As ever, irony is never far from the scene in MotoGP. All winter long, the FIM, Dorna, the MSMA and IRTA have engaged in talks and hammered out a series of proposals aimed at cutting costs in MotoGP. And at the very first race of the season, the weather causes the race to be delayed for a day, forcing the teams, manufacturers and press to engage in a frenzied bout of flight and accommodation rescheduling. Valentino Rossi was booked on a 3:45am flight out of Qatar, and Rossi is not subject to Yamaha's economy class flight edict. Many team members will not have had hotel rooms for Sunday night, as they expected to fly out on Sunday night, and the trucks will already be pouring into the paddock at Qatar ready to ship the containers off to be flown to Japan for round two of the series, at Motegi. Adding an extra day of truck hire will be expensive enough, but if a freight aircraft has to be rescheduled, this could get very expensive indeed.
There were also doubts about the logistics of running a race on Monday. It's not certain that the teams will have enough tires to run another warm up on Monday, followed by the race.

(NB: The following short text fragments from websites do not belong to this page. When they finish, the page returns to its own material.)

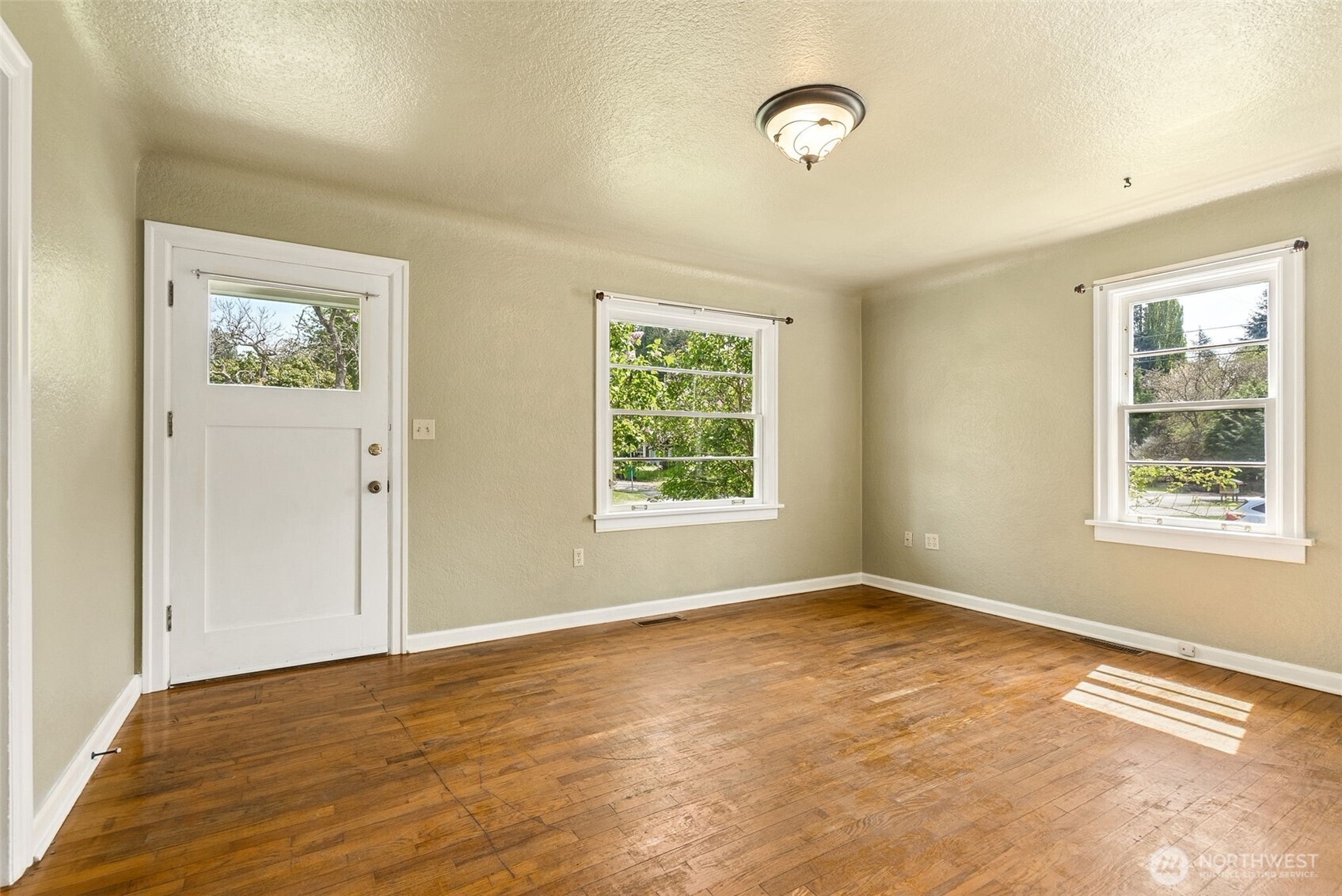 Olympia, Washington 98506, United States, 3 Bedrooms Bedrooms, ,2 BathroomsBathrooms,Residential,Pending,131048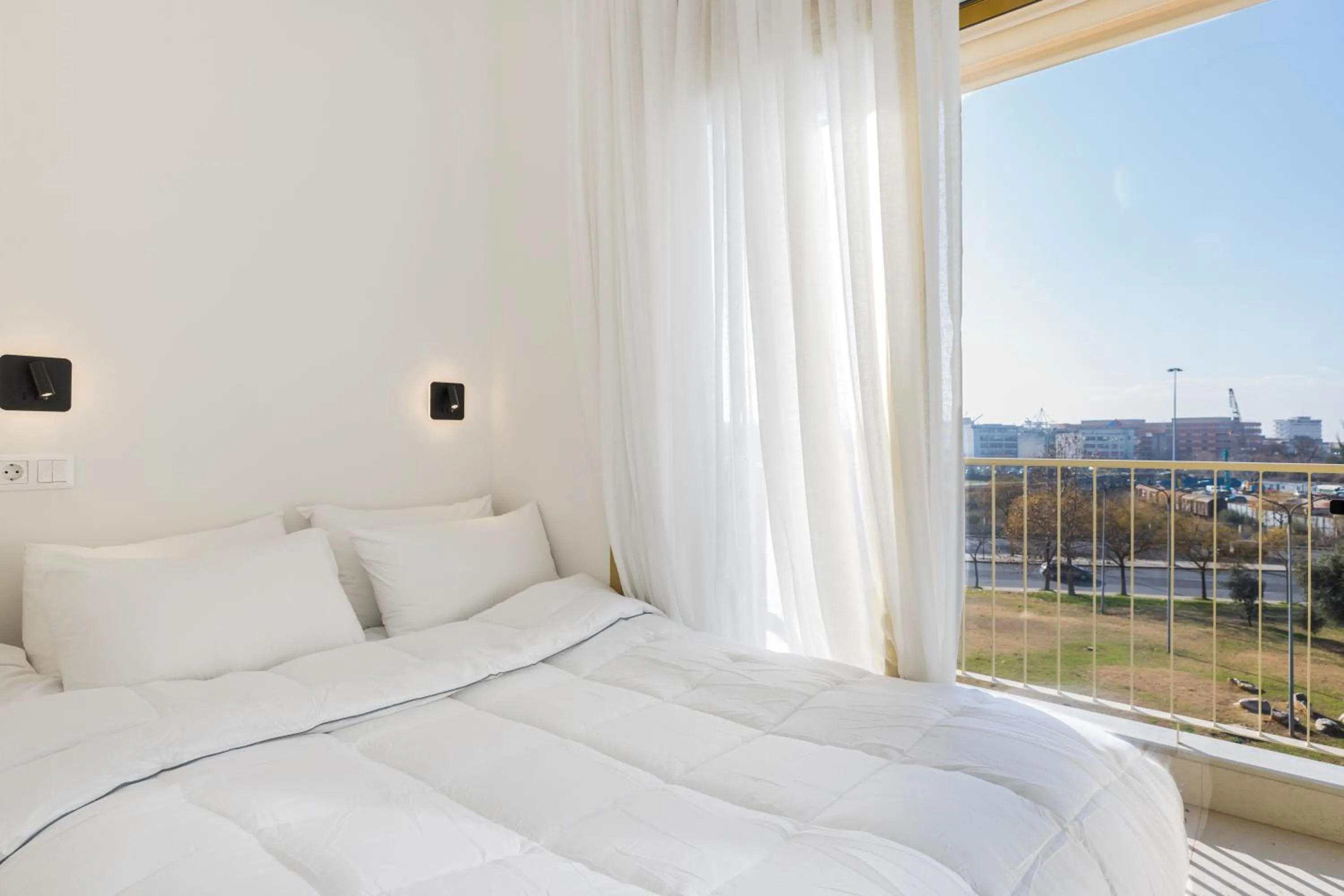 Bed in Soho Harbor by halu!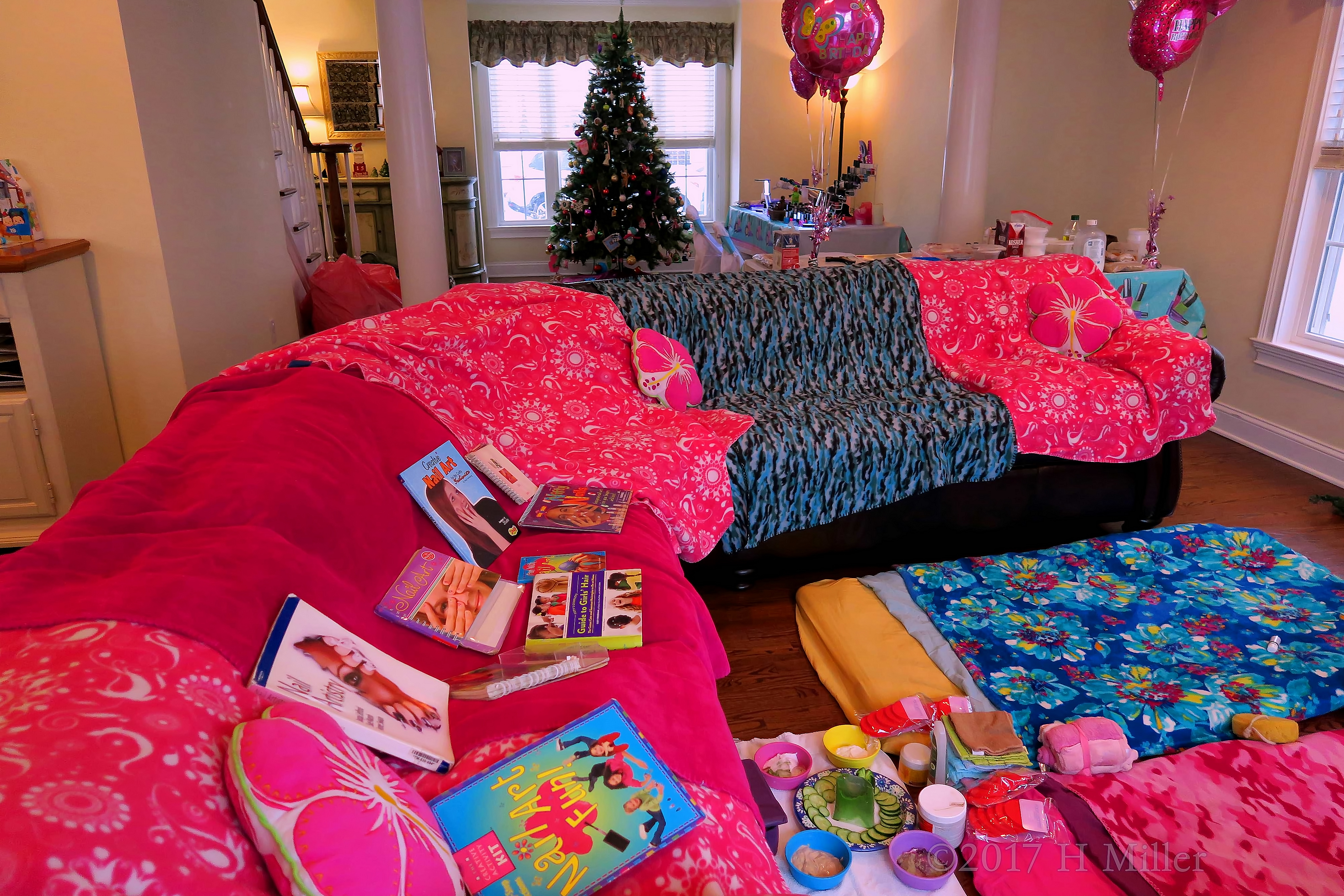 Manicure Nail Art Books On The Spa Couch Manicure Nail Art Books On The Spa Couch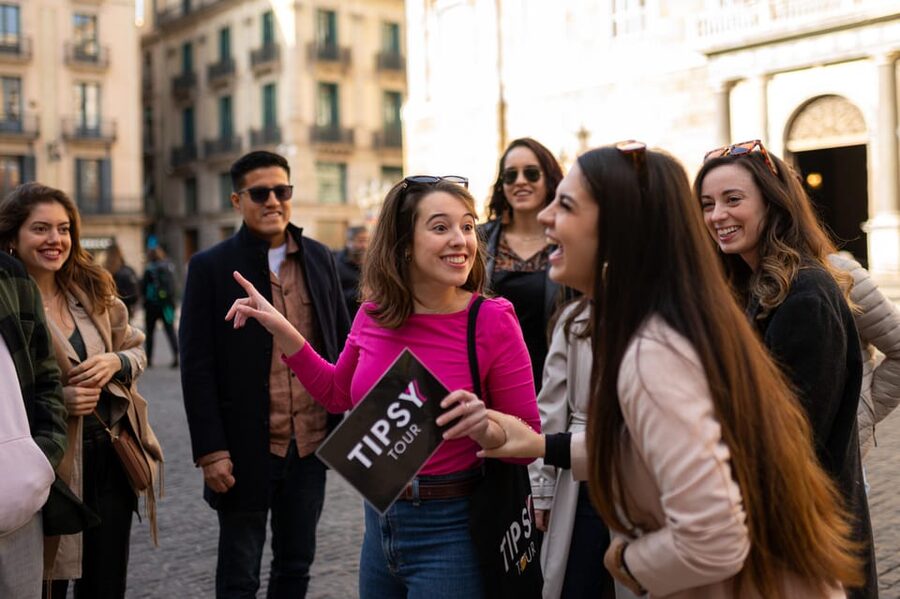 Barcelona: Cathedrals and Squares Walking Tour - The guide factor: what makes the experience feel memorable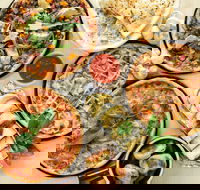 Pick 'em Pizzas - Accommodation Directory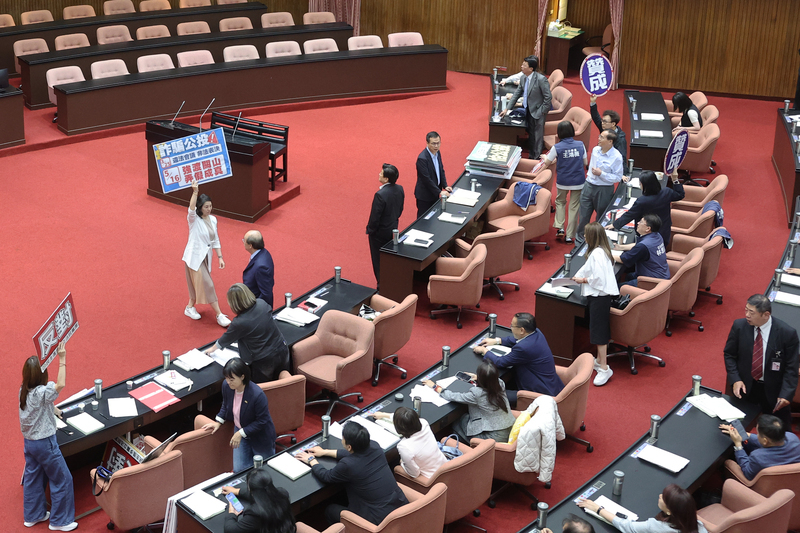 藍白聯手通過反廢死公投 將送中選會辦理公民投票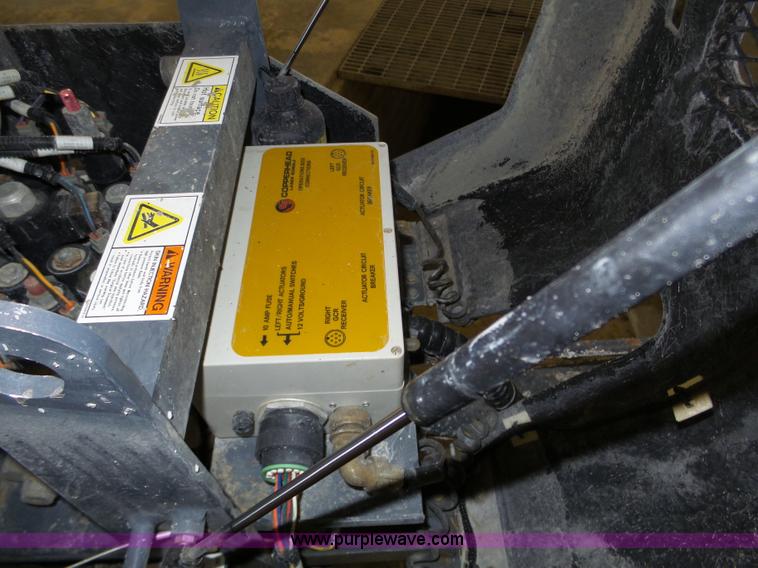 image for item J8877 2006 Somero Copperhead XD 2.0 laser screed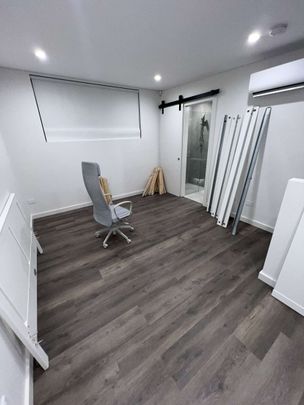 Beaconsfield - Photo 1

And with the time of the race having been brought forward by two hours, the temperatures could be very different too. Tires aren't the only problem though, as Sportmediaset is also reporting that they may not have enough of the special gas the teams use to run the race either.
One suggestion bandied about by Loris Capirossi was to run the race in the slot vacated by the abandoned Hungarian Grand Prix which was due to take place in September, until it was canceled over wrangling about money between the Hungarian authorities and the Spanish construction company building the track. But other riders were less attracted to this idea. "For sure I would like to race tomorrow and go on holiday in September," Marco Melandri responded, when asked about this possibility by the official MotoGP.com website.
Will this be the last of the night races at Qatar? It's too early to tell. But one thing is for certain, if anyone doubted that there were risks involved in running a race at night, those doubts will by now surely have been removed.